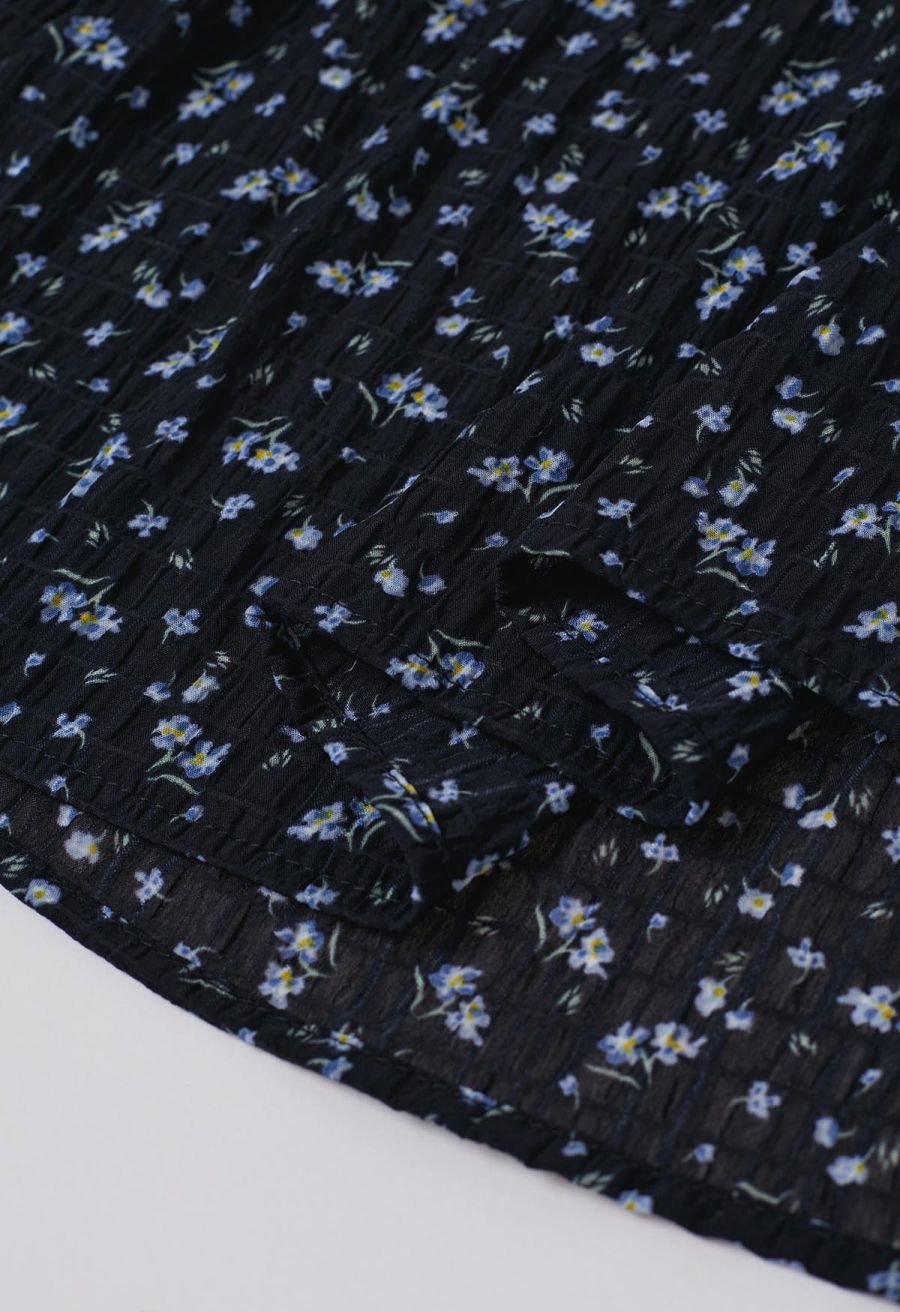 Posy Print Textured Tiered Maxi Skirt in Black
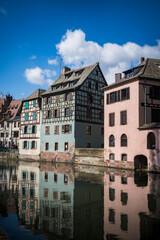Strasbourg medieval buildings reflected in River Ill
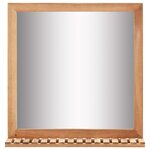 vidaXL Armoire pour lavabo avec miroir Bois de noyer massif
***
=== Try it ===
Please reproduce the whole listing exactly; the pictures stay out.

=== Solved exercise ===
 Posy Print Textured Tiered Maxi Skirt in Black
Strasbourg medieval buildings reflected in River Ill
 vidaXL Armoire pour lavabo avec miroir Bois de noyer massif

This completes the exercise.